Foto: Eine Szene, passend zum Aufführungsort: die Deutsche Oper Berlin eröffnete die Saison im Parkhaus beim Opernhaus, wo David Hermann Iannis Xenakis‘ „Oristeia“ inszenierte. © Bernd Uhlig
Text:Andreas Falentin, am 10. September 2014
Am Ende bricht alles zusammen. Da verschenkt der Regisseur David Hermann einen spannenden Musiktheaterabend mit einer veralbernden ironischen Akzentuierung. Der virtuos falsettierende Countertenor Michael Hofmeister kommt als Göttin Pallas Athene huldvoll winkend in der offenen Limousine herbeigefahren, gewandet wie weiland Hape Kerkeling als Königin Beatrix – und verteilt neongelbe Schülerlotsenwesten an den Chor. So werden nicht nur die Rache- zu Schutzgöttinnen, sondern Aischylos und Xennakis gleich mit domestiziert. Statt als gewichtiger Kommentar eines einmaligen gesellschaftlichen Wandlungsprozesses endet alles: klein.
Dabei spielte sogar das Wetter mit zur Premiere der „Oresteia“ auf dem Parkdeck der Deutschen Oper Berlin (DOB). Spätsommerlich lind war es und trocken, die durch Windstille beförderten akustischen Verhältnisse eigenwillig und sehr attraktiv. Und der Chor der DOB präsentierte sich in ganz außergewöhnlicher Überform. Es wurde nicht nur hochmusikalisch und sehr expressiv gesungen. Gerade die Herren gewannen durch ihr facettenreiches Spiel fast solistisches Profil, obwohl sie durch Gesichts- und Ohrmaskierung als Schafherde zu erscheinen hatten. Ihr Staunen, ihre Angst, ihr Neid, ihre Schadenfreude berührte trotzdem und nahm gefangen.

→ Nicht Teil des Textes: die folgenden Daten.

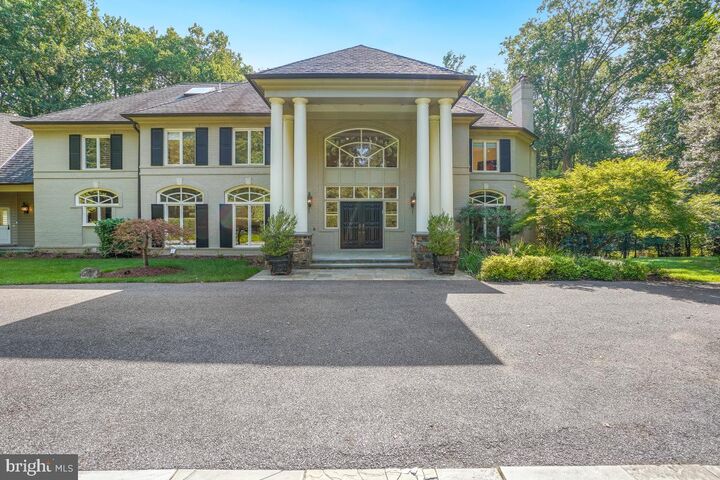 10823 Lockland Road  Potomac MD 20854 photo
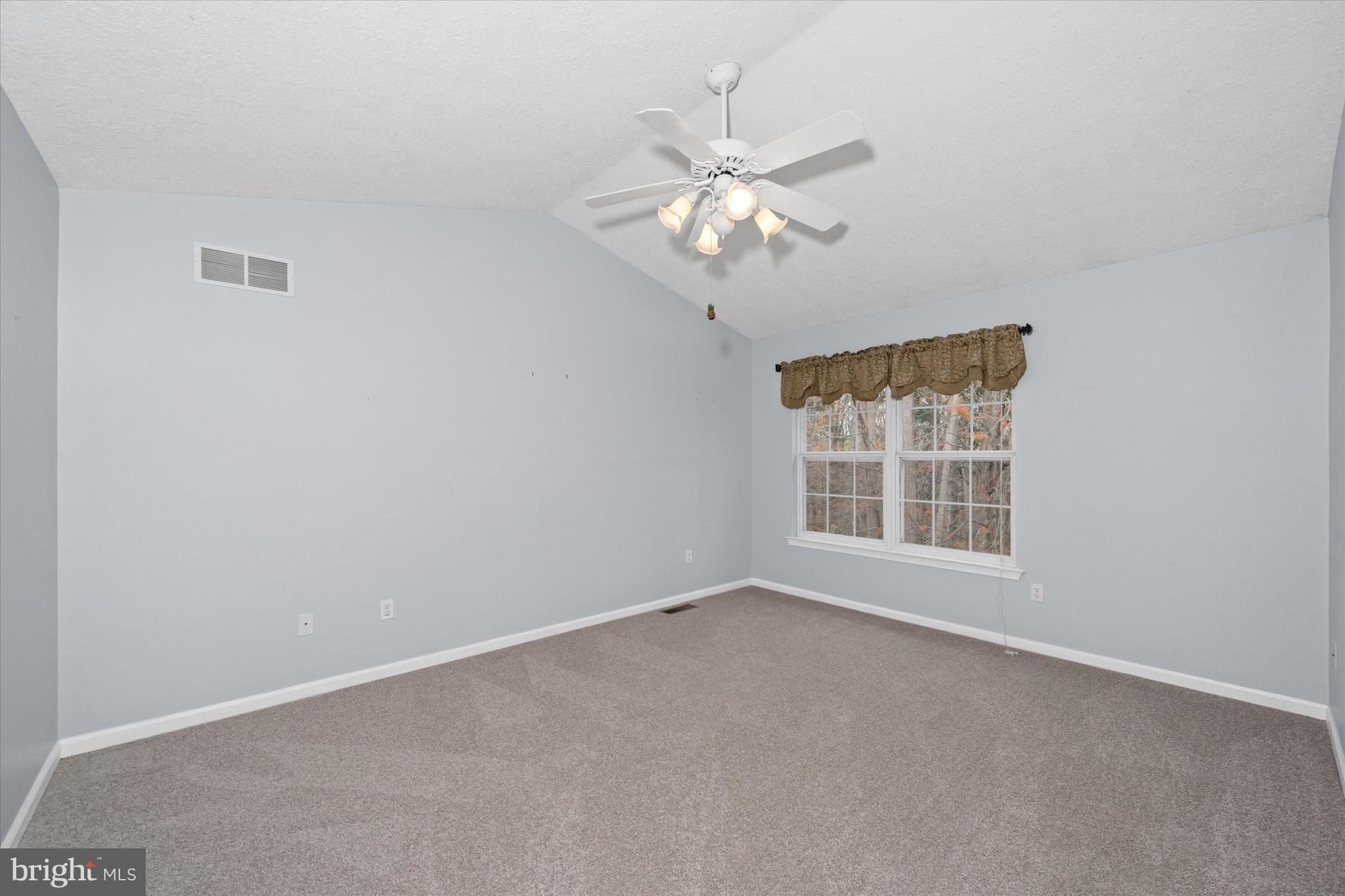 NORTH POINTE - Residential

Die „Oresteia“ ist durchaus ein problematisches Bühnenwerk. Iannis Xennakis hatte ursprünglich nur die Chorpassagen von Aischylos‘ Trilogie vertont (UA 1966), später kamen noch die Kassandra-Szene aus dem ersten und der Athene-Monolog aus dem dritten Teil dazu. Es wird also keine Geschichte erzählt. Gleichwohl wird deren Verständnis vorausgesetzt. Für dieses Problem fand Hermann eine grandiose Lösung. Er ließ die Paare Agamemnon/Klytämnestra und Elektra/Orest von Tänzern darstellen, deren Köpfe von riesigen, abstrakten Kaltschaumskulpturen verhüllt sind. Mit wenigen Bewegungen erzählen sie Begegnung und Beziehung. Dazu kommen großformatige Bilder. Kassandra schält sich in Gestalt des großartigen, zweilagig im Dialog mit sich selbst singenden Seth Carico als Schmerzensmann aus einer stilisierten Akanthus-Dolde. Der Mord an Agamemnon wird bestätigt, indem ein silbern glänzender Kleinbagger aus seiner Schaufel Steine und die Mordaxt auf die als Hauptbühne bespielte Treppe niederprasseln lässt, wo sie von Elektra zögernd, dann wirbelnd aufgenommen wird.
Dazu raunt die Musik mit sich in die Ohren fräsender archaischer Schärfe – es wird altgriechisch gesungen – und wechselt in spannendster Weise mehrfach die Grundfarbe; wenn Kassandra nur mit Percussion und grandios gespieltem Psalterion begleitet wird; wenn der Damenchor aus dem vierten Stock des Verwaltungstrakts singt; wenn zum Ende hin der ganz locker singende, von der Deutschen Oper selbst betreute Kinderchor durchs Publikum auftritt. Moritz Gnann waltet mit Strenge und Spielfreude über diese musikalischen Strukturen und führt das Orchester der DOB zu besonderer Prägnanz.
Wenn man es doch dabei belassen hätte!